Physicists refer to such a theoretical analogy between random motion in quantum and classical systems as “universality”. In this specific case, it is the Kardar-Parisi-Zhang universality (KPZ) - a phenomenon previously known only from classical physics.
The telling exponent
In order to observe the phenomenon microscopically, the Garching team first cooled down a cloud of atoms to temperatures close to absolute zero. That way, movements due to heat could be ruled out. Then they locked the ultracold atoms in a specially formed "box-shaped" potential, formed by an arrangement of tiny mirrors. "We used this to study the relaxation of a single magnetic domain wall in a chain of 50 linearly arranged spins," explains David Wei, a researcher in Johannes Zeiher's group. The domain wall separates areas with identical orientation of neighbouring spins from each other. The researchers first created the domain wall for the experiment using a new trick, whereby an "effective magnetic field" was generated by projecting light. In doing so, the researchers can strongly suppress the couplings between spins, effectively "locking" them into place.

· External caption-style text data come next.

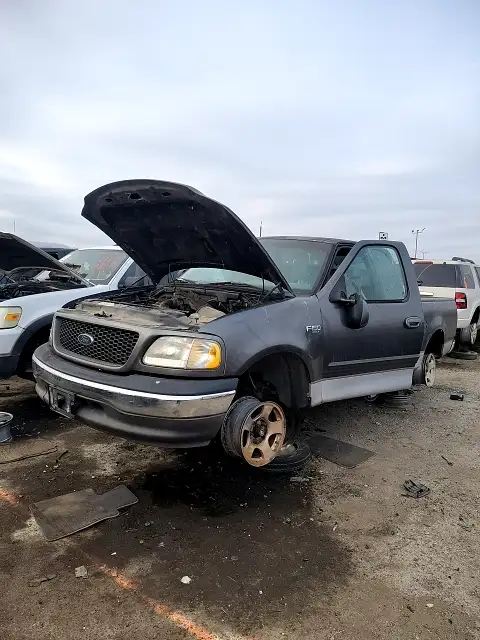 Photo of 2002 Ford F-150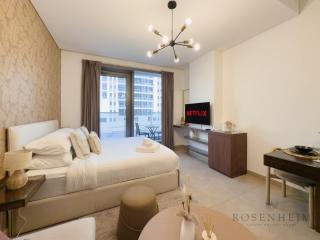 Sparkle Tower Gem - Promo in Dubai Marina - Dubai - 0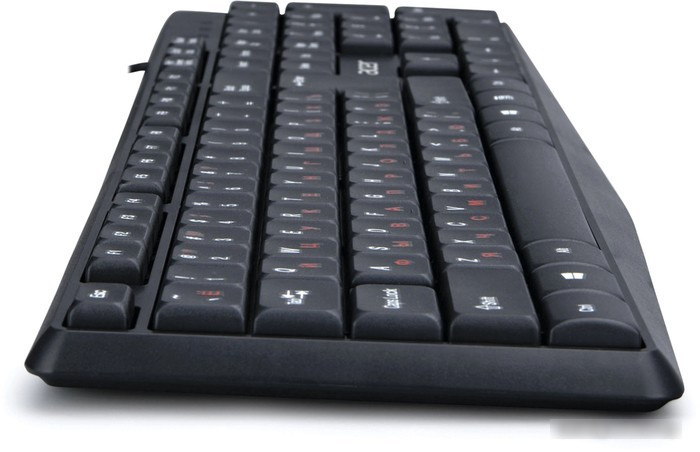 Клавиатура + мышь Acer OMW141 - фото 4 - id-p215479555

The relaxation within the spin chain occurred after the couplings between spins were switched on in a controlled manner and, as it turned out, followed a characteristic pattern. "This can be described mathematically by a power law with the exponent 3/2," says Wei - a hint at the connection with KPZ universality. Further evidence for this relationship was provided when the researchers detected the motion of individual spins, which was revealed through the quantum gas microscope.
"This high precision was the basis for a detailed statistical evaluation," says Zeiher. "The striking course of spin diffusion that our experiment showed corresponds in its mathematical form approximately to the spread of a coffee stain on a tablecloth, for example," explains the Max Planck physicist. That such an astonishing connection could exist had been suspected by a team of theorists about two years ago on the basis of theoretical considerations. However, experimental confirmation of this hypothesis was still lacking.
An old model amazes physicists
For the description of quantum mechanical spin phenomena, physicists have been using the so-called Heisenberg model very successfully for a long time (but it was only recently that spin transport phenomena could be described theoretically within this model). "Our results show that surprising new insights are still possible even within an established theoretical framework," Johannes Zeiher emphasises. "And they are proof of how theory and experiment cross-fertilise in physics."
The results that have now been achieved by the team in Garching are not only of academic value. They could also be useful for tangible technical applications. For example, spins also constitute the basis of certain forms of quantum computers. Knowledge of the transport properties of the information carriers could be of critical importance for the practical realisation of such novel computer architectures.